■ TASK DETAILS ■
Lines from the beginning of the data below through the one containing "Dinafa, S.A. Obtiene" are to be printed exactly as they appear.

■ TASK MATERIAL ■

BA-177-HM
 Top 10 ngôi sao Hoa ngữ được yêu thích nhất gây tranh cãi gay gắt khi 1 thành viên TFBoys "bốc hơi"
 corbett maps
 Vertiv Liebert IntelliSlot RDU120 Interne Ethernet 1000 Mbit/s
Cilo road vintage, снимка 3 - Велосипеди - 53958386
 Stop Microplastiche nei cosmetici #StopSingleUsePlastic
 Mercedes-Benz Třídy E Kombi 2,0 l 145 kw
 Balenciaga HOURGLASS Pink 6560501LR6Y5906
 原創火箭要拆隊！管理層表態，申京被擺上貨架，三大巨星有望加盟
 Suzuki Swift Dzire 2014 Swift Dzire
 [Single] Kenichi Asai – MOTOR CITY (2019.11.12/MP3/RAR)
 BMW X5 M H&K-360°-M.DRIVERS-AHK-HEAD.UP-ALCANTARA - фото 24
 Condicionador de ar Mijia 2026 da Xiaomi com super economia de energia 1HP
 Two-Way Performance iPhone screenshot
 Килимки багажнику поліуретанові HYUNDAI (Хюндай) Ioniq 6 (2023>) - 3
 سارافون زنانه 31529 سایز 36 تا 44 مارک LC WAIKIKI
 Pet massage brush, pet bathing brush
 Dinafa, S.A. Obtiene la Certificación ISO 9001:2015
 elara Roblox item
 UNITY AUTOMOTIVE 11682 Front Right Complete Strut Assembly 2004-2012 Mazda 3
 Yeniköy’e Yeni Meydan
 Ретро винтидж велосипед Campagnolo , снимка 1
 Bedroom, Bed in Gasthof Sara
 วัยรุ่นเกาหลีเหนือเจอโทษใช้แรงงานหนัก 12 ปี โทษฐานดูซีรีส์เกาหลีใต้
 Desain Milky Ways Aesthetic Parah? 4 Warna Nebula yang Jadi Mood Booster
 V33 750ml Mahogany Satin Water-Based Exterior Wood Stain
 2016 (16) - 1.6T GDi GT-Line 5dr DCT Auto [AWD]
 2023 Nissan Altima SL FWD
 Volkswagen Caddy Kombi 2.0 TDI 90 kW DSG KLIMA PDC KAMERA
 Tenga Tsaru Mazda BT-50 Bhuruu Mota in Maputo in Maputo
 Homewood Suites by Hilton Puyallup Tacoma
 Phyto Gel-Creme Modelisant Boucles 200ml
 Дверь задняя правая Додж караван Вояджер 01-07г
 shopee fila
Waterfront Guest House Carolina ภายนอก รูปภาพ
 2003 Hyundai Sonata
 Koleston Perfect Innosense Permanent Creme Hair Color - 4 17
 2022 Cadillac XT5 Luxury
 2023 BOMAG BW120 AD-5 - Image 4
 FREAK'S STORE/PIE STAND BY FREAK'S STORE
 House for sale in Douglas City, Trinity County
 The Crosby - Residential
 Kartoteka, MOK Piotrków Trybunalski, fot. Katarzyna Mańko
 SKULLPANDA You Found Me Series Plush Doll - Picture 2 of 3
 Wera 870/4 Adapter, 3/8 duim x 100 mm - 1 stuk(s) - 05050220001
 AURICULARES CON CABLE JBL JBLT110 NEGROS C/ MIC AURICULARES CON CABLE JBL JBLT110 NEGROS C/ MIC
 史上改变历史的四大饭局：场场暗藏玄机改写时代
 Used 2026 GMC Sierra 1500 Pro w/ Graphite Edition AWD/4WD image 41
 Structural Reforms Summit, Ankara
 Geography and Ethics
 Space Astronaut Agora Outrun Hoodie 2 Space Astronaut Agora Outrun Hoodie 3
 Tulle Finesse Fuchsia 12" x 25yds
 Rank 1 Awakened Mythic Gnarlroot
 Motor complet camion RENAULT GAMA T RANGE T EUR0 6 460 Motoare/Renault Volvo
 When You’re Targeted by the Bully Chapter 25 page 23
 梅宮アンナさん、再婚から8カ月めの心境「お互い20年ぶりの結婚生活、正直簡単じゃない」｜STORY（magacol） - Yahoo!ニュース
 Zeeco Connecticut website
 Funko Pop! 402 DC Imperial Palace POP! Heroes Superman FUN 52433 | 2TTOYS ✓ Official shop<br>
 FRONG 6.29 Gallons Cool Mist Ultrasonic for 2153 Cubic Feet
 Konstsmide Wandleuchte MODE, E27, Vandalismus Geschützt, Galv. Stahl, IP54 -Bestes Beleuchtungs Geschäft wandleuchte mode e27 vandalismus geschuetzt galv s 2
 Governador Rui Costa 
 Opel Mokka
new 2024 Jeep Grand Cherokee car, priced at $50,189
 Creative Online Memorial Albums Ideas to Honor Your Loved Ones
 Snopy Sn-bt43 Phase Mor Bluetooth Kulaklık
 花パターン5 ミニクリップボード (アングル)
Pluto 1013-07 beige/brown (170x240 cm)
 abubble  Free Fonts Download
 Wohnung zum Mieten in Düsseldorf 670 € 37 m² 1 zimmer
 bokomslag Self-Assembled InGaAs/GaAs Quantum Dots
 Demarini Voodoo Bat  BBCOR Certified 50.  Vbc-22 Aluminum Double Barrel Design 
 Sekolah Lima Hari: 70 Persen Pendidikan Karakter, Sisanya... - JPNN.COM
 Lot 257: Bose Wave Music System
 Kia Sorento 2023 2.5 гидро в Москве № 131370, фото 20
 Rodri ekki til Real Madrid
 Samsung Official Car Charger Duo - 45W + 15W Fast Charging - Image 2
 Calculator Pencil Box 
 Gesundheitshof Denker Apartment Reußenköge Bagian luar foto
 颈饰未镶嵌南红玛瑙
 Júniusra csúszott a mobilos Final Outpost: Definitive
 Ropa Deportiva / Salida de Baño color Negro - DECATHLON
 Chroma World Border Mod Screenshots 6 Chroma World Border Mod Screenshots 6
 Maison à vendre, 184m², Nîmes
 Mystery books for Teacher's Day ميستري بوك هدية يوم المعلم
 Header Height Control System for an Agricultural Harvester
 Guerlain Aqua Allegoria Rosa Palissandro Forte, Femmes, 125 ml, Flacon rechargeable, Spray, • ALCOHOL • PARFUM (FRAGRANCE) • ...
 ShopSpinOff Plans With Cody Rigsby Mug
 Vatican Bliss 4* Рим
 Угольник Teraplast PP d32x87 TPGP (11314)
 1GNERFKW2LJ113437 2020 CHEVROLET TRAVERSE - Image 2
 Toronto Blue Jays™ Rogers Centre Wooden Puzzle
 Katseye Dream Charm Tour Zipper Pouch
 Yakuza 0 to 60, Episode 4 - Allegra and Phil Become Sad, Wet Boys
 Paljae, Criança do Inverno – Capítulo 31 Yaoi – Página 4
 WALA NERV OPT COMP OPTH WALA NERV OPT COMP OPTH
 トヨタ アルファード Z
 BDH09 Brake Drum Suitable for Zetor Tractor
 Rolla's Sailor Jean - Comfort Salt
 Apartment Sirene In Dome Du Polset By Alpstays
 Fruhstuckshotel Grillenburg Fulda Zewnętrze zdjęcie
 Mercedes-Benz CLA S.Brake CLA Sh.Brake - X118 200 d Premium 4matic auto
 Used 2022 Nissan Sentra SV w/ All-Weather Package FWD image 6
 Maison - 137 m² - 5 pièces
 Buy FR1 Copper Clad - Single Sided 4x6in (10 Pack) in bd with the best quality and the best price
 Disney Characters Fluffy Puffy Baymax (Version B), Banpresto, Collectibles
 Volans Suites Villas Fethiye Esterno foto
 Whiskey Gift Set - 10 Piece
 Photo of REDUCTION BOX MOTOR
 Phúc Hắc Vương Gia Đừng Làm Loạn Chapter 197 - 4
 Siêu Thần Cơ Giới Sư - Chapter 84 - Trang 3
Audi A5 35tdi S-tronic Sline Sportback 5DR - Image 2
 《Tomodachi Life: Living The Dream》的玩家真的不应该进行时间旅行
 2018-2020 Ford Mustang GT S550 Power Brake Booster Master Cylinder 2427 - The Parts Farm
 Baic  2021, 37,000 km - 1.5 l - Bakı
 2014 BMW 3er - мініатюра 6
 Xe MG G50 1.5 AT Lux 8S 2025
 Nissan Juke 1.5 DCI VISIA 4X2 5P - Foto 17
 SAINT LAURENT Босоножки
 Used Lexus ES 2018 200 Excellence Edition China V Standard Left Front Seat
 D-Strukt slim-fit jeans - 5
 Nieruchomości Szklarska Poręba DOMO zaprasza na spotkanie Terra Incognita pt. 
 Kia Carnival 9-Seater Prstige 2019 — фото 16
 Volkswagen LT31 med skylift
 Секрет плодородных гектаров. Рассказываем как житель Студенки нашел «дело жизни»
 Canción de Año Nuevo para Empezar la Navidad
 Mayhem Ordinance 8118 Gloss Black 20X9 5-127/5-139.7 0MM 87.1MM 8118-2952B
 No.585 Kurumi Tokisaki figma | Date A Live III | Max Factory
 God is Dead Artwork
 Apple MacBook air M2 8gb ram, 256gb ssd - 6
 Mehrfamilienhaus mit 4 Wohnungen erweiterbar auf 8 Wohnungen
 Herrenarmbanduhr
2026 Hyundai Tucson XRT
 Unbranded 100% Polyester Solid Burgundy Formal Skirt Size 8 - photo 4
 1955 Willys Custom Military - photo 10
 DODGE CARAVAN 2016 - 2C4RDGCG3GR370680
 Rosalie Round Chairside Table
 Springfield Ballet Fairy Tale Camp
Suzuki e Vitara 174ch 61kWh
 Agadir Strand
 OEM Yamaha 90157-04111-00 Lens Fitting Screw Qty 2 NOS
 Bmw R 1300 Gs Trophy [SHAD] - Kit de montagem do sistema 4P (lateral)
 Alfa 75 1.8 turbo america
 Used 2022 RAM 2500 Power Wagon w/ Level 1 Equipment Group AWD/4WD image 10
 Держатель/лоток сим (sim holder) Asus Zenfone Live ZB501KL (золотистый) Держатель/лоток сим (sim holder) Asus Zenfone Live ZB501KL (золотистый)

■ SOLUTION TO THE EXERCISE ■
BA-177-HM
 Top 10 ngôi sao Hoa ngữ được yêu thích nhất gây tranh cãi gay gắt khi 1 thành viên TFBoys "bốc hơi"
 corbett maps
 Vertiv Liebert IntelliSlot RDU120 Interne Ethernet 1000 Mbit/s
Cilo road vintage, снимка 3 - Велосипеди - 53958386
 Stop Microplastiche nei cosmetici #StopSingleUsePlastic
 Mercedes-Benz Třídy E Kombi 2,0 l 145 kw
 Balenciaga HOURGLASS Pink 6560501LR6Y5906
 原創火箭要拆隊！管理層表態，申京被擺上貨架，三大巨星有望加盟
 Suzuki Swift Dzire 2014 Swift Dzire
 [Single] Kenichi Asai – MOTOR CITY (2019.11.12/MP3/RAR)
 BMW X5 M H&K-360°-M.DRIVERS-AHK-HEAD.UP-ALCANTARA - фото 24
 Condicionador de ar Mijia 2026 da Xiaomi com super economia de energia 1HP
 Two-Way Performance iPhone screenshot
 Килимки багажнику поліуретанові HYUNDAI (Хюндай) Ioniq 6 (2023>) - 3
 سارافون زنانه 31529 سایز 36 تا 44 مارک LC WAIKIKI
 Pet massage brush, pet bathing brush
 Dinafa, S.A. Obtiene la Certificación ISO 9001:2015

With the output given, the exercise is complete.